## DATA SHOWN
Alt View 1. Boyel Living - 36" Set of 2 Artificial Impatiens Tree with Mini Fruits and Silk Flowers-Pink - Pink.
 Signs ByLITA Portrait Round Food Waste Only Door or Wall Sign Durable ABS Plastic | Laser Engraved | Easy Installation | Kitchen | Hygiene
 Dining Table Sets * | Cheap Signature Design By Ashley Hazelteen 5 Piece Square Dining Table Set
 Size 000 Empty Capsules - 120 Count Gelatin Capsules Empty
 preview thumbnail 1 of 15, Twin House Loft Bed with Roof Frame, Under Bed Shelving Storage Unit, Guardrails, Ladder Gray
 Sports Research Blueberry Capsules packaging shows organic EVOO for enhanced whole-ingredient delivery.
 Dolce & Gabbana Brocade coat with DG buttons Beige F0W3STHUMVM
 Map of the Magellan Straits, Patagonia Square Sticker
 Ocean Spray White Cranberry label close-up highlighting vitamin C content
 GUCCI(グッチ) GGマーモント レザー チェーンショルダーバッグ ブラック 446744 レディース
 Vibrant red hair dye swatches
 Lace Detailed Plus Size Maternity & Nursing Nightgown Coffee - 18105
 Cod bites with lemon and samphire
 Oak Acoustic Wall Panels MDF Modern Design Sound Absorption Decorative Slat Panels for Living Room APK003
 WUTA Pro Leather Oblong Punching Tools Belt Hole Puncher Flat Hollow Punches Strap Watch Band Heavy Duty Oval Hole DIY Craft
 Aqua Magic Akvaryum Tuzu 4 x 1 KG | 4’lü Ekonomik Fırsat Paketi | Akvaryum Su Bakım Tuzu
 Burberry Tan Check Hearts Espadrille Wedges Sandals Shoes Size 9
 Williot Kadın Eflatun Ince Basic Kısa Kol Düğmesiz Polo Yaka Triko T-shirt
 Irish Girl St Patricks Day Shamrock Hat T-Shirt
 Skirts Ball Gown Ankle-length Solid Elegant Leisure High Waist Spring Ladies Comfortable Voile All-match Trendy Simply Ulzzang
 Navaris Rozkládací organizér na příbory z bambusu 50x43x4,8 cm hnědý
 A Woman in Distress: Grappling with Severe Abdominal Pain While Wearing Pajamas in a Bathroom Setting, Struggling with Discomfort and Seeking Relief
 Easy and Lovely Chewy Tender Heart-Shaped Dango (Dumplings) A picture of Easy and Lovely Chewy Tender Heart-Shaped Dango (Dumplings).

## ACTIVITY
Once the line containing "WUTA Pro Leather" is found in the listing above, set down that line and every line after it, exactly.

## ANSWER SPACE
 WUTA Pro Leather Oblong Punching Tools Belt Hole Puncher Flat Hollow Punches Strap Watch Band Heavy Duty Oval Hole DIY Craft
 Aqua Magic Akvaryum Tuzu 4 x 1 KG | 4’lü Ekonomik Fırsat Paketi | Akvaryum Su Bakım Tuzu
 Burberry Tan Check Hearts Espadrille Wedges Sandals Shoes Size 9
 Williot Kadın Eflatun Ince Basic Kısa Kol Düğmesiz Polo Yaka Triko T-shirt
 Irish Girl St Patricks Day Shamrock Hat T-Shirt
 Skirts Ball Gown Ankle-length Solid Elegant Leisure High Waist Spring Ladies Comfortable Voile All-match Trendy Simply Ulzzang
 Navaris Rozkládací organizér na příbory z bambusu 50x43x4,8 cm hnědý
 A Woman in Distress: Grappling with Severe Abdominal Pain While Wearing Pajamas in a Bathroom Setting, Struggling with Discomfort and Seeking Relief
 Easy and Lovely Chewy Tender Heart-Shaped Dango (Dumplings) A picture of Easy and Lovely Chewy Tender Heart-Shaped Dango (Dumplings).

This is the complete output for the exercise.